Wednesday, May 01, 2013

Over 2,000 state firms shifted to private sector in Cuba

Over 2,000 state firms shifted to private sector in Cuba
Submitted by admin4 on 30 April 2013 - 12:18pm
By IANS/EFE,

Havana : The Cuban government has leased more than 2,000 small
businesses to their old employees, who have increased the firms' income
and the quality of the services provided.

This new form of non-state management, included in the economic reform
plan of President Raul Castro, was begun on an experimental basis in
2009 in barber shops and hair styling salons, but it was later expanded
to 47 economic activities.

To date, 2,041 businesses have been leased to a total of 5,479
employees, according to figures compiled by the Domestic Commerce Ministry.

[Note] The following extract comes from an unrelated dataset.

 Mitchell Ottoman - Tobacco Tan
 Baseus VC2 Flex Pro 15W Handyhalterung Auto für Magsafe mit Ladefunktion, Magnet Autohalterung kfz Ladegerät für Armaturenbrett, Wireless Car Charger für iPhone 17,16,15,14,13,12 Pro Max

The former employees are in charge of organizing the business, providing
the necessary resources, maintaining or improving the store and they
assume all the rent, electricity, telephone, gas and water payments.

They also set the prices of the services they provide.

The Cuban government acknowledges that this method has improved service,
has increased salaries and the new business operators feel more
motivated to the point where absenteeism has been reduced, although it
is still prevalent in the state-run sector given the meager salaries and
the lack of incentives there.

The workers also feel they are benefiting, like the employees of the Leo
hair salon in Havana's El Vedado neighbourhood, which for the past 16
months has been operating under new management.

"The pay has improved a lot. Before, the minimum wage was 255 pesos a
month (about $9) and now that things have changed, the improvement is
substantial," Milagros, 35, one of the five hair stylists at the shop,
told EFE.

Not everything is favourable, however. Besides the burden of taxes, the
recurring complaint in Cuba's emerging private sector is the absence of
a wholesale market where business operators can buy supplies.